Born examinó los instrumentos con ojos pensativos. Algunos habían dejado de funcionar, otros saltaban, palpitaban y daban vueltas descontrolados, pero la mayoría continuaban funcionando y señalaban con todo cuidado el progreso de la destrucción del núcleo del reactor. El oscilograma que indicaba las vibraciones de las turbinas, finas líneas azules y rojas sobre una banda de papel cuadriculado que acababan en una curva bruscamente descendente, le recordó un delicado dibujo japonés con un paisaje de colinas.
—Te equivocas. Puedo hacer algunas cosas. Puedo vigilar el fuego que arde en el reactor. Puedo determinar en qué momento comenzará a fundirse el uranio y cuándo quedarán en libertad las radiaciones. Puedo calcular en qué dirección se expandirán estas radiaciones. Entre esta sala y el reactor hay varias paredes de hormigón de un metro de espesor. Aún pueden protegerme un buen rato.
—Entonces también me protegerán a mí — dijo Anne.
—¿Y Michaela? ¿Quieres dejarla sola cuando evacúen Grenzheim?
Anne le besó.
—Dame las llaves del coche.
—Un Mercedes azul —dijo Born—. Cincuenta metros a la derecha, saliendo del edificio de recepción.
Anne se dirigió a la puerta, una sombra azulada, etérea, con la cabellera reluciente y las cuencas de los ojos en sombras.
—De nada servirá llorar o intentar hablar de todo lo que ya no será nunca.
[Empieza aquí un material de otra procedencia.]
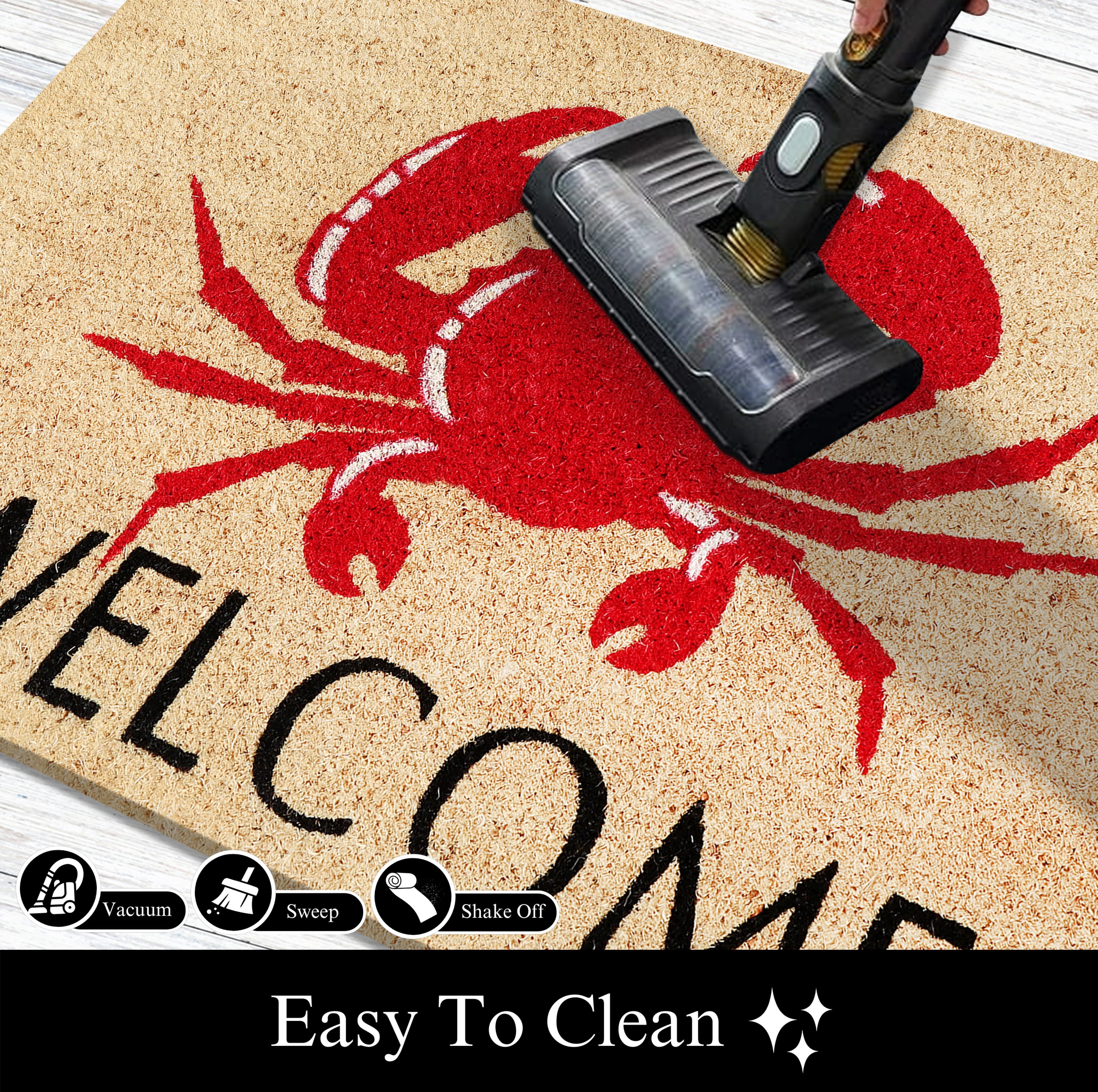 A1HC Natural Coco Coir Doormat, Red Crab Welcome, 18"x30", Durable Outdoor Welcome Mat, Non-Slip, Easy to Clean, Pet Friendly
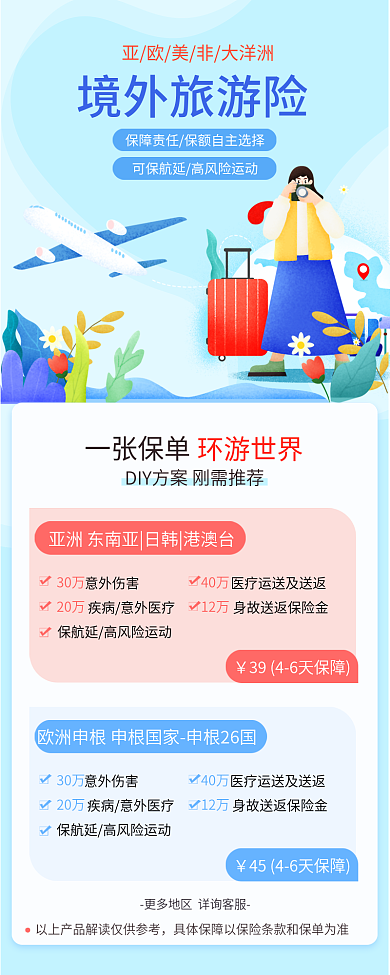 简约小清新境外旅游险一张保单险保险险种宣传信息长图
Imaginaré cómo podría haber sido mi vida con el hombre a quien amo y al que apenas llegué a conocer. ¿Recuerdas lo que te dije anoche sobre la Central? Desde el primer momento me inspiró pánico. En seguida comprendí que me haría desdichada. Creí que me aniquilaría. Ahora te destruirá a ti. Y es lo mismo.
Born sonrió:
—Saldré de aquí con vida, Anne. Te lo prometo.
Sonó el teléfono. Born conectó el altavoz.
—Su comunicación con el presidente del Consejo...
Anne comenzó a avanzar lentamente por el pasillo. Luego, de pronto, pensó en Michaela y echó a correr.